The results of the NetEnrich survey come about two weeks after a strategic shift by Microsoft in which the vendor ditched its pay-as-you-go direct sales policy on Azure. Instead, new customers under Microsoft's Products & Services Agreement were to be directed to cloud solution providers. Partners who talked with CRN last month said the move would spell a big windfall for Microsoft's channel partners.

"Microsoft is leveraging its partner ecosystem quite heavily in the cloud," better than two other public cloud giants, Amazon Web Services and Google, said Chris Joseph, vice president of product management and marketing at NetEnrich, based in San Jose, Calif. "We are seeing some of the fruits of those investments."

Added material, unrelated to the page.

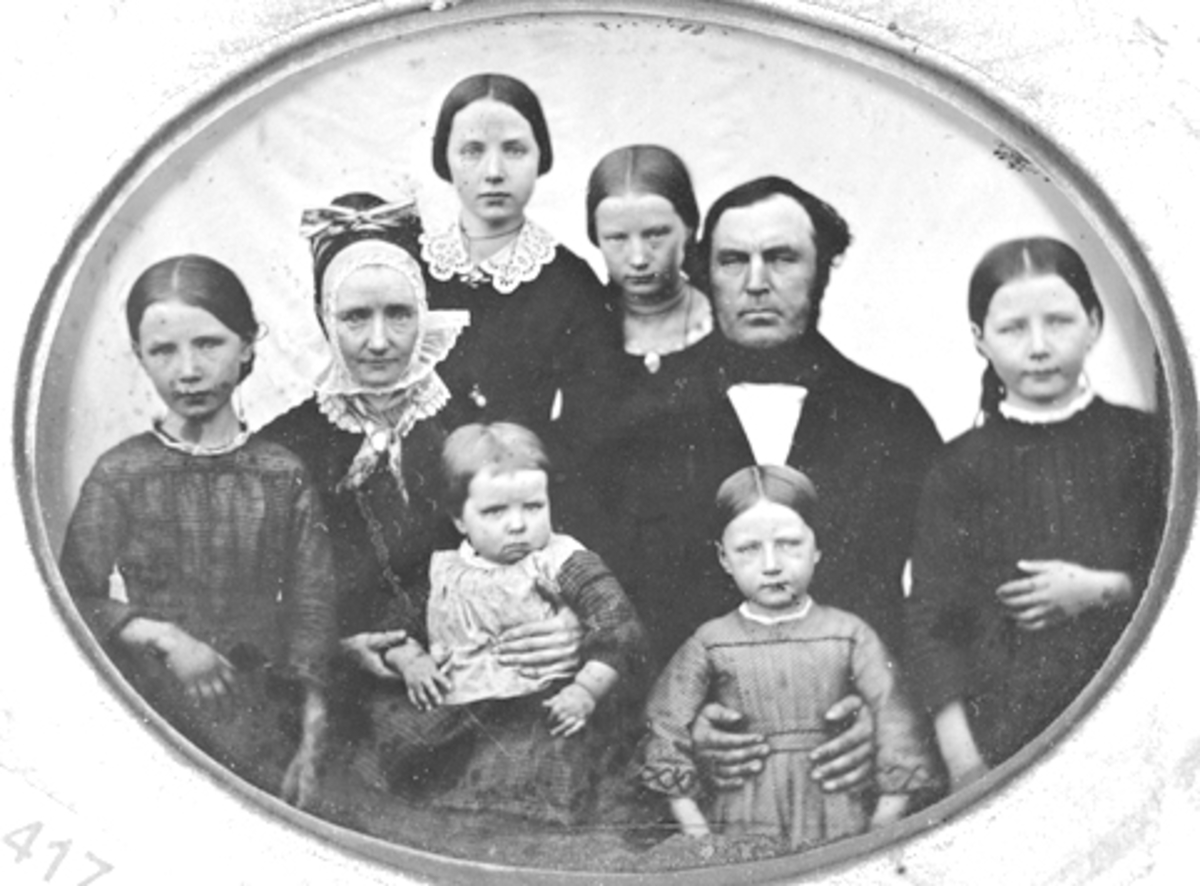 Anno Domkirkeodden, OTTESTAD NORDRE, FAMILIEGRUPPE. AMBROTYPI. JOHAN 1818-1891 OG ANDREA 1820-1876. GINA MATHEA 1842-1891, OTTESTAD. INGEBORG 1845-1904, KOPPANG. TAROLINE 1847-1937, SKJELVE. OLINE 1849-1924, HVERVEN. ANNE JULIE.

Among the other findings in the NetEnrich survey:

  • 62 percent of respondents operate a multi-cloud environment that includes Azure;
  • 47 percent say the top expected benefits of using Azure are reduction in total cost of ownership, on-demand availability, business continuity and geo replication;
  • 35 percent of respondents say the greatest benefit of using Azure one to two years from now will be cost savings, which will allow IT staffs to dedicate more time to business projects; and
  • 30 percent say the greatest challenge with Azure adoption is data security and privacy concerns, followed by budgetary constraints, at 28 percent.

Rook, of 10th Magnitude, called the last finding "interesting," and points to a tight market for cloud talent. "The supply of cloud talent in the marketplace is constrained right now, which is why these customers are looking to strategic service providers who have the talent and experience to get them to the cloud," Rook said.

Joseph defended Microsoft's efforts to improve Azure's security, saying the vendor has done a "very good job." Rather, he points to a continued belief among businesses about the security of public cloud.

"They probably still feel the public cloud is not quite there," he said.